Brief :: Among the entries below, the lines from the one with "1939-1945, prawdopodobnie okolice Jasła." up to and including the one with "2025 Mercedes-Benz CLA 250 4MATIC Photo" are to be restated exactly, without pictures.

Information shown ::
──────────────────────────────
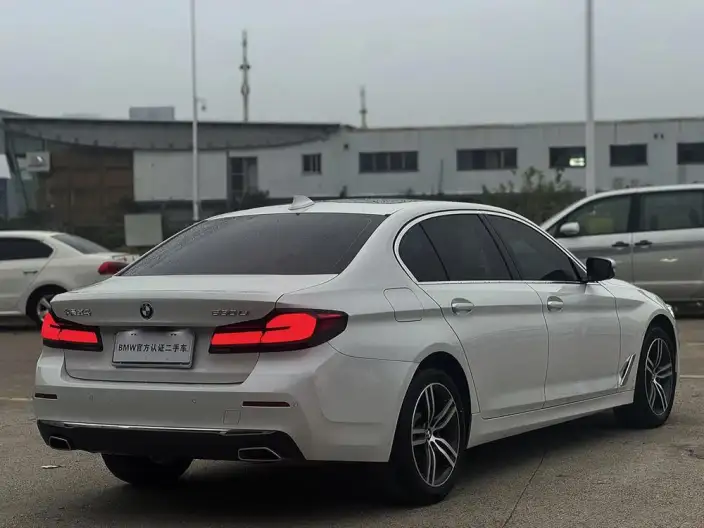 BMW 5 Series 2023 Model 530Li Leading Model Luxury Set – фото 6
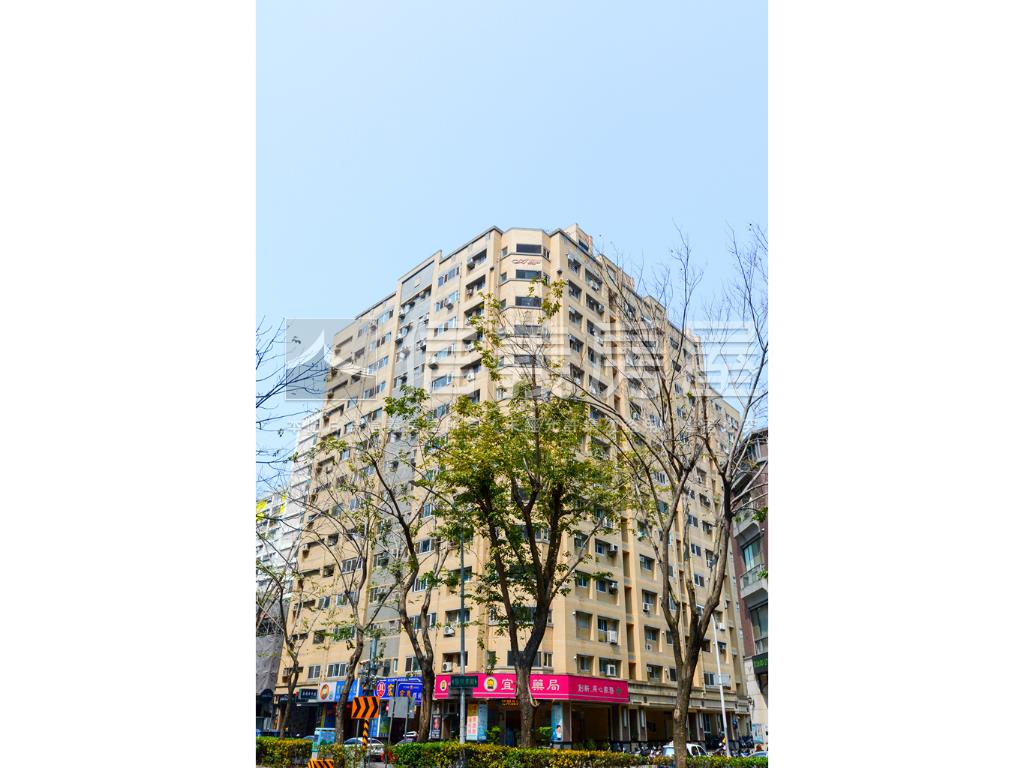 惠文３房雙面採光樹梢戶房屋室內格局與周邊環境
──────────────────────────────
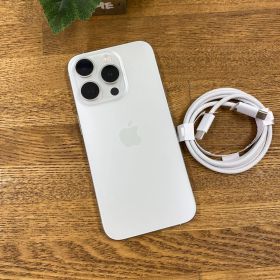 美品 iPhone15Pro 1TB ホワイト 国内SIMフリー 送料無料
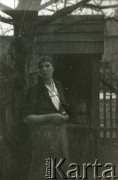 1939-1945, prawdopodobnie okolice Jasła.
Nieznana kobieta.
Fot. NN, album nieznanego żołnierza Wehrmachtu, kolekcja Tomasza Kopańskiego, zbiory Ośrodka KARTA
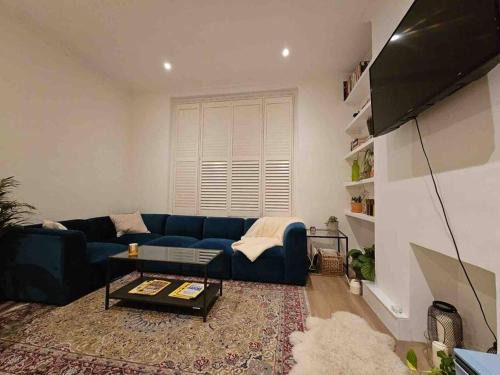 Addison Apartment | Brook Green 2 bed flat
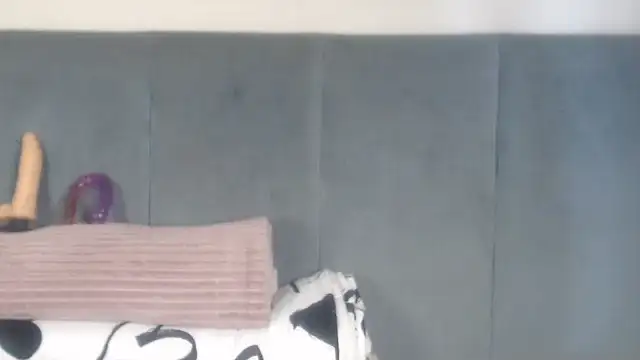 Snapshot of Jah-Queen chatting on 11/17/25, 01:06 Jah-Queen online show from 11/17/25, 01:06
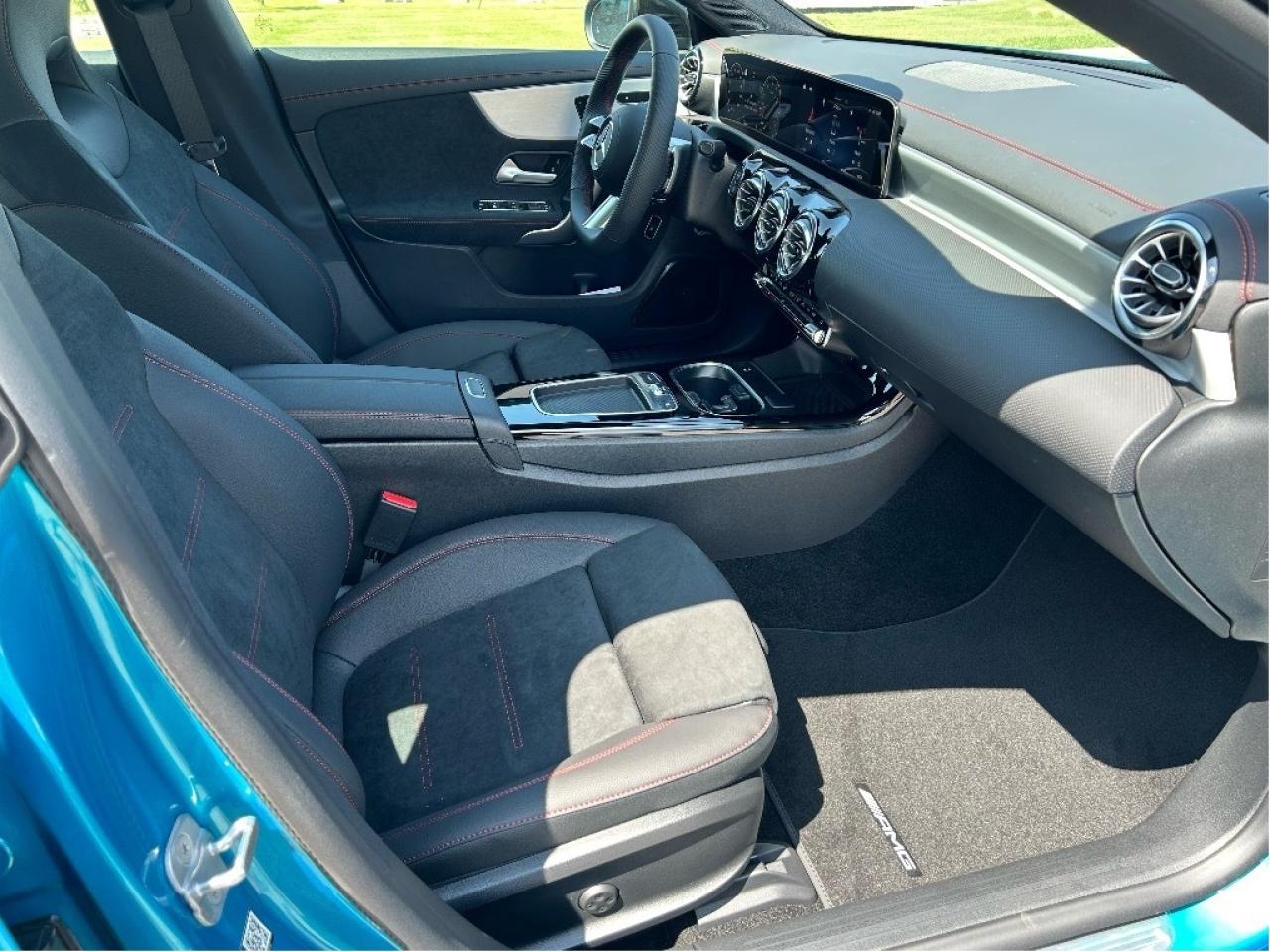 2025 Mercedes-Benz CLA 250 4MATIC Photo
──────────────────────────────
Written solution ::
 1939-1945, prawdopodobnie okolice Jasła.
Nieznana kobieta.
Fot. NN, album nieznanego żołnierza Wehrmachtu, kolekcja Tomasza Kopańskiego, zbiory Ośrodka KARTA
 Addison Apartment | Brook Green 2 bed flat
 Snapshot of Jah-Queen chatting on 11/17/25, 01:06 Jah-Queen online show from 11/17/25, 01:06
 2025 Mercedes-Benz CLA 250 4MATIC Photo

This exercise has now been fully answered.